Raspberry Almond Shortbread Cookies melt in your mouth: tender, buttery rounds with a jewel of raspberry jam and a whisper of almond — the kind of cookie that disappears fast at holiday gatherings.
Why you’ll fall for these (quick)
These are classic shortbread vibes elevated with jam and almond. The dough stays simple — high butter, little mixing — which means deliciously crumbly texture every time. Want a cookie that looks fancy but bakes with minimal fuss? Yep, this is it.
A little backstory
I first started making these because I wanted a cookie that felt heirloom-y but actually tasted modern. I tweaked a tried-and-true recipe, added a touch more flour and dialed the almond back a hair for balance, and boom — a top-rated holiday staple. If you’ve ever bookmarked a cookie to make “for the holidays,” this belongs on that list.

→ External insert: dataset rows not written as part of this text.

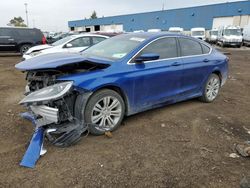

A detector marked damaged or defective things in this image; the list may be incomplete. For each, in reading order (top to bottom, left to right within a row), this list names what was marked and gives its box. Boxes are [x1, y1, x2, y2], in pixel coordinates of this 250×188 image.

crumpled hood [14, 52, 110, 71]
broken headlight [19, 81, 73, 104]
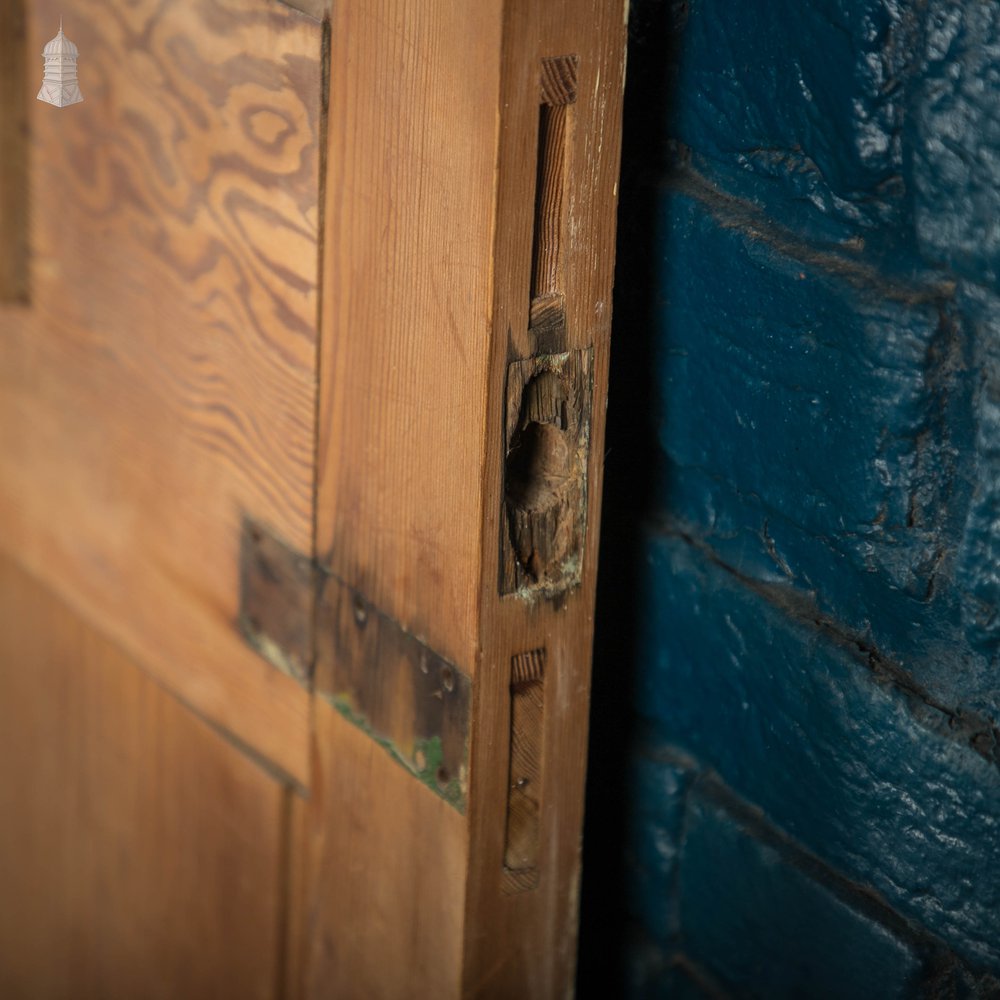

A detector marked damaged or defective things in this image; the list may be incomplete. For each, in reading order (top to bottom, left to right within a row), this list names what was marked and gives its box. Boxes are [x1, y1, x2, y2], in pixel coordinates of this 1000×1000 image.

damaged wood [504, 348, 588, 596]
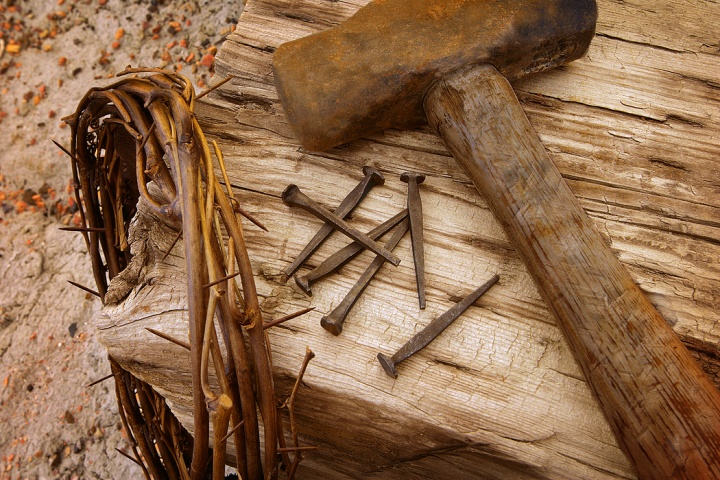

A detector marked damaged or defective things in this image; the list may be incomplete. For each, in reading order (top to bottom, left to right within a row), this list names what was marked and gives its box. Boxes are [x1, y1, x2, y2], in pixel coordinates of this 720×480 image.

rusty hammer head [272, 0, 596, 151]
rusty nail [282, 166, 386, 276]
rusty nail [280, 184, 400, 266]
rusty nail [292, 209, 404, 296]
rusty nail [320, 218, 410, 336]
rusty nail [400, 171, 428, 310]
rusty nail [376, 274, 500, 378]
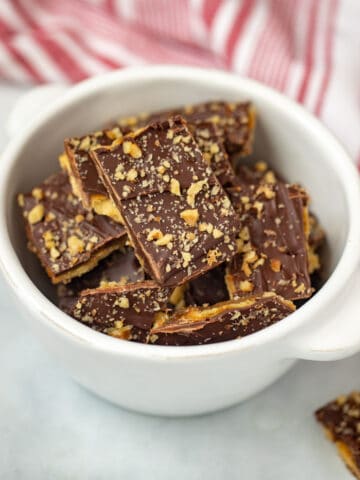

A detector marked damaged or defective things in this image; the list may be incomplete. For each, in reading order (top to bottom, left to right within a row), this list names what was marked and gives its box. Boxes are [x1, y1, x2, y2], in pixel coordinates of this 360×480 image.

broken toffee piece on counter [19, 172, 128, 284]
broken toffee piece on counter [62, 126, 124, 222]
broken toffee piece on counter [57, 248, 145, 316]
broken toffee piece on counter [71, 280, 172, 344]
broken toffee piece on counter [91, 115, 240, 288]
broken toffee piece on counter [150, 288, 296, 344]
broken toffee piece on counter [228, 182, 312, 302]
broken toffee piece on counter [316, 392, 360, 478]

Ingredients & why they matter
- 1 cup unsalted butter, softened — fat equals tenderness and flavor. Use real butter.
- 2/3 cup granulated sugar (134 g) — sweetness and slight edge on the edges.

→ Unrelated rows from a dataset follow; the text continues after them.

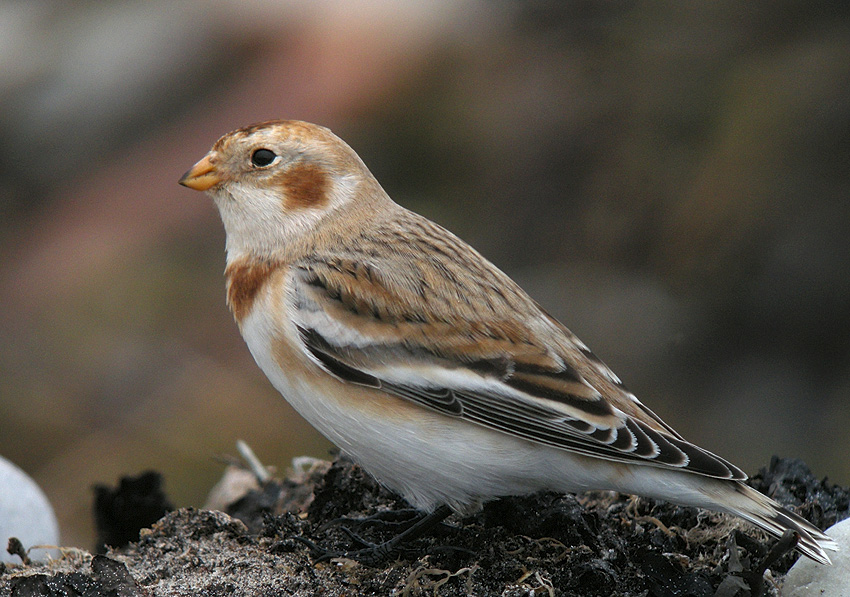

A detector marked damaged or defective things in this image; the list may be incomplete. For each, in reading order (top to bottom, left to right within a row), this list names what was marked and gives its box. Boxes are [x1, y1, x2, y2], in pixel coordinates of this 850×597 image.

rusty brown flank patch [274, 162, 328, 211]
rusty brown flank patch [224, 258, 280, 322]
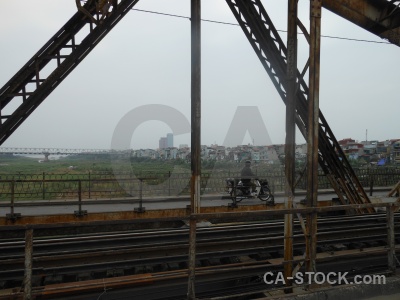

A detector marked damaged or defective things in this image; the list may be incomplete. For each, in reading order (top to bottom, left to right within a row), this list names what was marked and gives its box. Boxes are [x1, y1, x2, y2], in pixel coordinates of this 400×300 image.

rusty steel beam [282, 0, 298, 290]
rusty steel beam [322, 0, 400, 46]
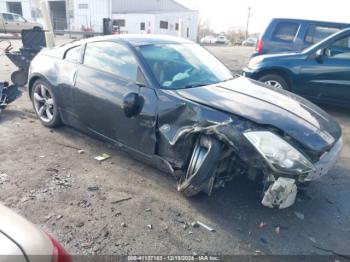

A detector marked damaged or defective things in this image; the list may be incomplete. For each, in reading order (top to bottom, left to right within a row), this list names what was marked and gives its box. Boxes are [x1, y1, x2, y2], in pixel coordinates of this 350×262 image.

black damaged sports car [28, 34, 344, 209]
crushed hood [172, 77, 342, 152]
broken headlight [243, 130, 314, 174]
shattered plastic piece [262, 176, 296, 209]
detached bumper piece [262, 178, 296, 209]
front bumper damage [262, 137, 344, 209]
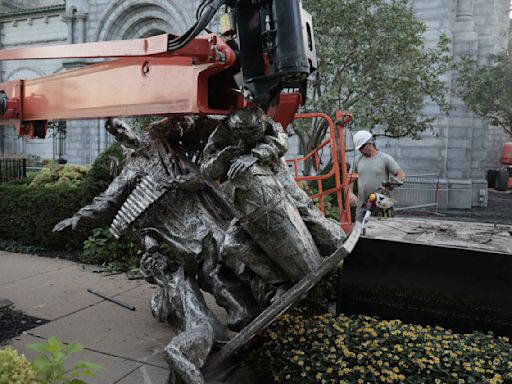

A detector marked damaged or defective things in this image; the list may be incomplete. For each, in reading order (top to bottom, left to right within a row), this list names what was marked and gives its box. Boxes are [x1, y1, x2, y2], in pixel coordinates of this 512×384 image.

damaged bronze statue [54, 109, 346, 384]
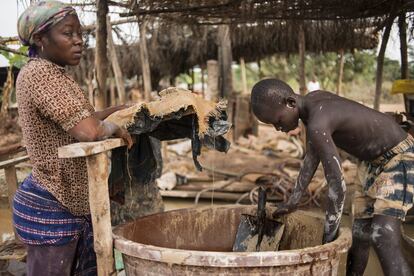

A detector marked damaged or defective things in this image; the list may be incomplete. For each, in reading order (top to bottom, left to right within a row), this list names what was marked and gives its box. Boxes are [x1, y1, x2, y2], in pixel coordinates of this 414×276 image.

rusty container [114, 206, 352, 274]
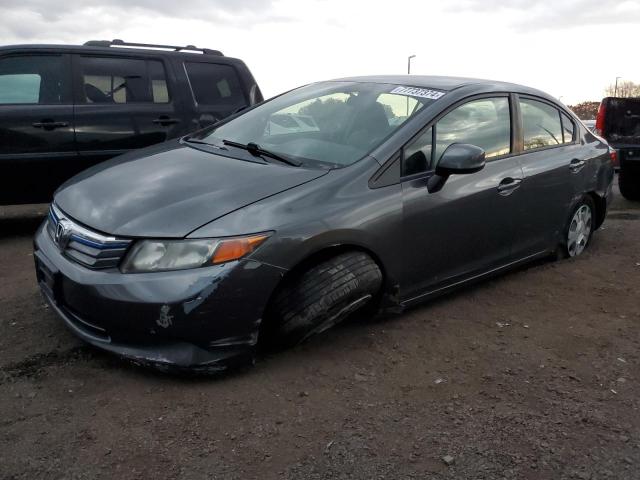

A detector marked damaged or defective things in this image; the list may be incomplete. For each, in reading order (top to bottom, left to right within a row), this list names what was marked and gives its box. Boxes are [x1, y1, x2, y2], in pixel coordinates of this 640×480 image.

- 1/2 teaspoon almond extract — that bakery-note that makes these unforgettable.
- 2 cups + 2 tbsp all-purpose flour (≈255 g) — extra flour keeps the dough stable so cookies don’t spread.
- 1/2 cup seedless red raspberry jam — the bright, fruity center. Keep it cold until use.
The icing (optional):
- 1 cup powdered sugar + 3–4 tsp water + 1 tsp almond extract — whisk to a pourable drizzle for a pretty finish.
Ingredients breakdown (short blurbs)
Butter: the more you care about it, the better these taste.
Sugar: keeps things simple — no fuss.
Almond extract: small amount, big impact.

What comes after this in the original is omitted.